■ TASK
Using the records below, transcribe word for word the stretch from the line that contains "Collana Armonia Rodocrosite, Agata" through the line that contains "A silver and", both end lines included, and nothing else.

■ TASK INPUT
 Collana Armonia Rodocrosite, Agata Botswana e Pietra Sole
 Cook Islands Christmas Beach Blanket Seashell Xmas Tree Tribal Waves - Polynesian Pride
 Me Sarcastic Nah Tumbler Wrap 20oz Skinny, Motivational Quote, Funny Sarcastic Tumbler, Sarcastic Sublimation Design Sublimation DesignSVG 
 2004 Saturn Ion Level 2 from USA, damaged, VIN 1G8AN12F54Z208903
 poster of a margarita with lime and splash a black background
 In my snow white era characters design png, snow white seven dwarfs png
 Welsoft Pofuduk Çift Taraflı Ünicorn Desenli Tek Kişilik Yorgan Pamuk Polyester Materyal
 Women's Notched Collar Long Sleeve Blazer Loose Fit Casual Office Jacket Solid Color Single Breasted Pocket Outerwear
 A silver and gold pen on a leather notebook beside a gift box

...

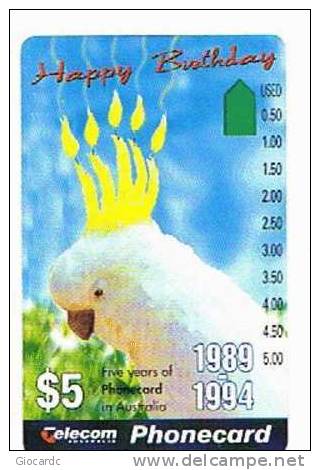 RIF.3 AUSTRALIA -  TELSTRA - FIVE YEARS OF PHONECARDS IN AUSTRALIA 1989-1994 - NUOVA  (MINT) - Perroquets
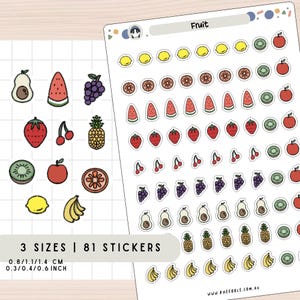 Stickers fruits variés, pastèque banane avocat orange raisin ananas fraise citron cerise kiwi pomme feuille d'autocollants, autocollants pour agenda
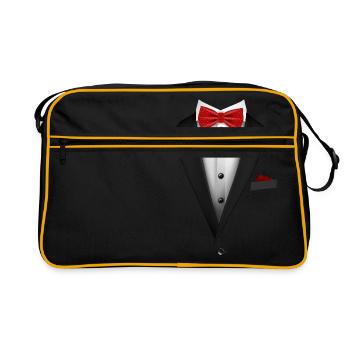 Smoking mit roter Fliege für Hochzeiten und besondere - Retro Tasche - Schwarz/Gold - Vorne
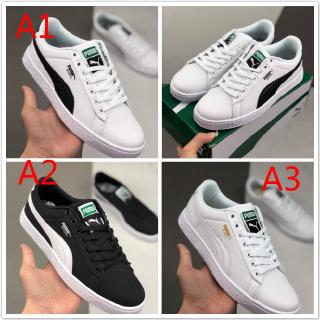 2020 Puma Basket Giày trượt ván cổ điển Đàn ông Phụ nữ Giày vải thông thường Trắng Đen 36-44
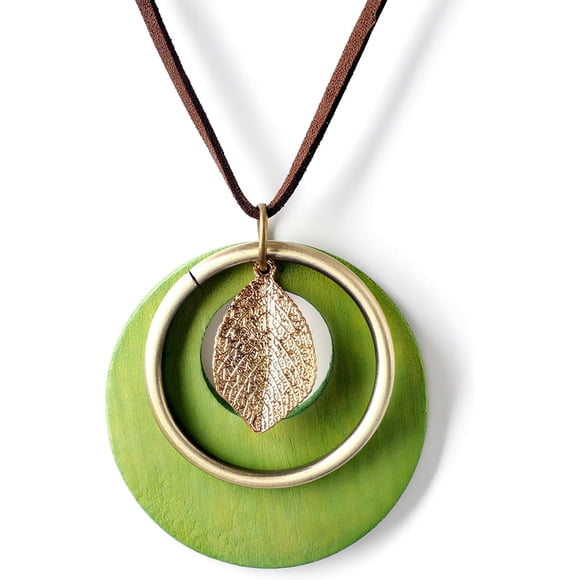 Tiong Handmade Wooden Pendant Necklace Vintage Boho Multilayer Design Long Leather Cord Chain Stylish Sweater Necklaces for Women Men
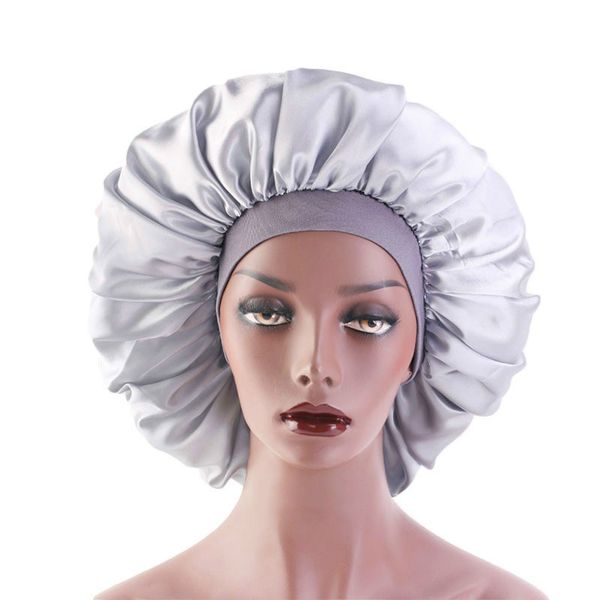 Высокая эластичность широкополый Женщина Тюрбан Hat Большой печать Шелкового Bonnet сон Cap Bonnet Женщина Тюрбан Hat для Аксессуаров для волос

■ EXPECTED ANSWER
 Collana Armonia Rodocrosite, Agata Botswana e Pietra Sole
 Cook Islands Christmas Beach Blanket Seashell Xmas Tree Tribal Waves - Polynesian Pride
 Me Sarcastic Nah Tumbler Wrap 20oz Skinny, Motivational Quote, Funny Sarcastic Tumbler, Sarcastic Sublimation Design Sublimation DesignSVG 
 2004 Saturn Ion Level 2 from USA, damaged, VIN 1G8AN12F54Z208903
 poster of a margarita with lime and splash a black background
 In my snow white era characters design png, snow white seven dwarfs png
 Welsoft Pofuduk Çift Taraflı Ünicorn Desenli Tek Kişilik Yorgan Pamuk Polyester Materyal
 Women's Notched Collar Long Sleeve Blazer Loose Fit Casual Office Jacket Solid Color Single Breasted Pocket Outerwear
 A silver and gold pen on a leather notebook beside a gift box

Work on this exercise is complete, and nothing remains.